2 Ameisenarten in einem Formicarium

  • hey ich möchte neu in die ameisenhaltung einsteigen und hatte vorher ein Aquarium (Marke:Rio) das eine Füllmenge von 240l hat und will das als Formicarium umbauen und habe mich gefragt ob ich dort 2 ameisenrassen halten könnte (Lasius niger und Myrmica rubra) da es ein sehr großes Becken ist. und eine Gottesanbeterin wollte ich auch noch irgendwann hinein tun zur populationskontrolle. dann wollte ich auch noch fragen was da noch alles mit rein muss mit die Erde uns so sauber gehalten wird zb kellerasseln und sowas

  • Hallo Jok3er,


    Willkommen auf Ameisenhaltung.de :winken:


    und habe mich gefragt ob ich dort 2 ameisenrassen halten könnte (Lasius niger und Myrmica rubra) da es ein sehr großes Becken ist

    Nein, das wird mit diesen beiden Arten (Rassen ist nicht der richtige Begriff) nicht funktionieren, auch nicht in einem großen 240l Becken.

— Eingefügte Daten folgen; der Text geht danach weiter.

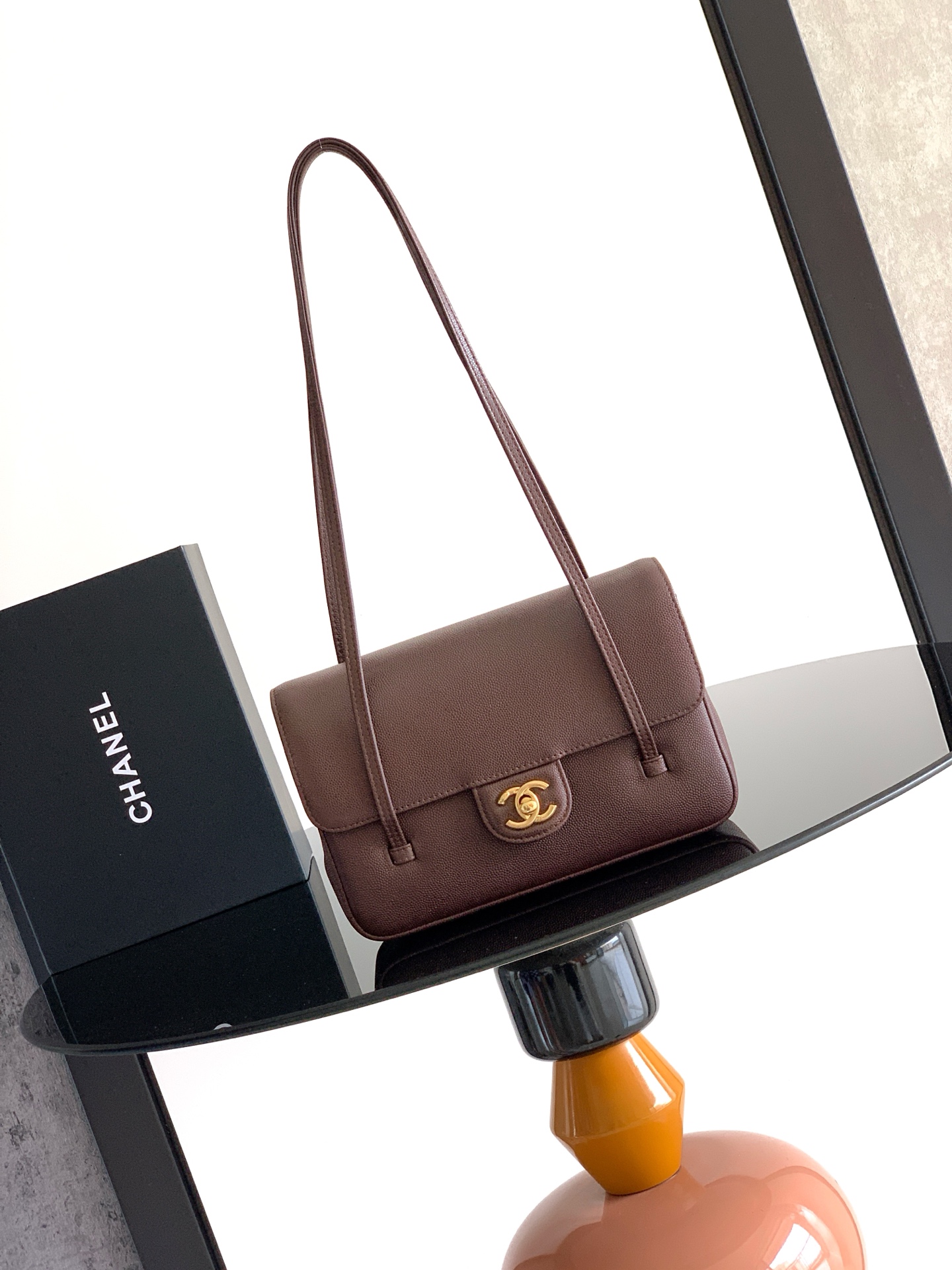 シャネル 26P Preppy Coco シボ感カーフスキン ショルダーバッグ ダークブラウン 6130S35 詳細画像 1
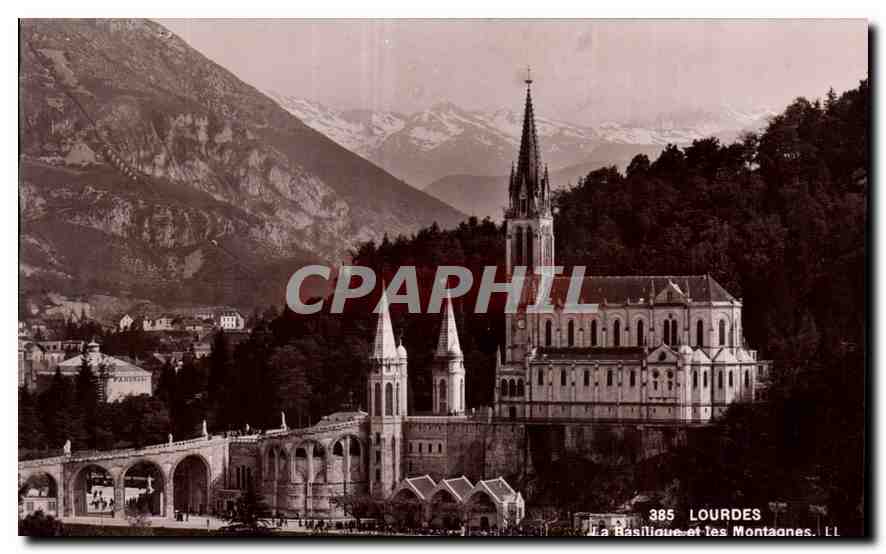 CPA Lourdes La Basilique et les Montagnes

Grund ist, dass v.a. Lasius niger äußerst dominant und territorial ist. Aber auch Myrmica rubra ist im Bedarfsfall sehr wehrhaft. Beide Arten kollidieren in freier Natur gerne miteinander. Ergo wird es mit Sicherheit irgendwann Krieg zwischen beiden Kolonien geben, ggf. auch mit der Auslöschung einer Seite. Etwas, das wir in der Haltung sicherlich nicht anstreben. Denn du übernimmst die Verantwortung für Lebewesen, ergo - egal ob Insekt, Katze oder Echse: Du bist dafür verantwortlich, ihnen ein sicheres und artgerechtes Leben zu garantieren. Zwei aggressive Arten zusammen zu halten ist also nicht möglich.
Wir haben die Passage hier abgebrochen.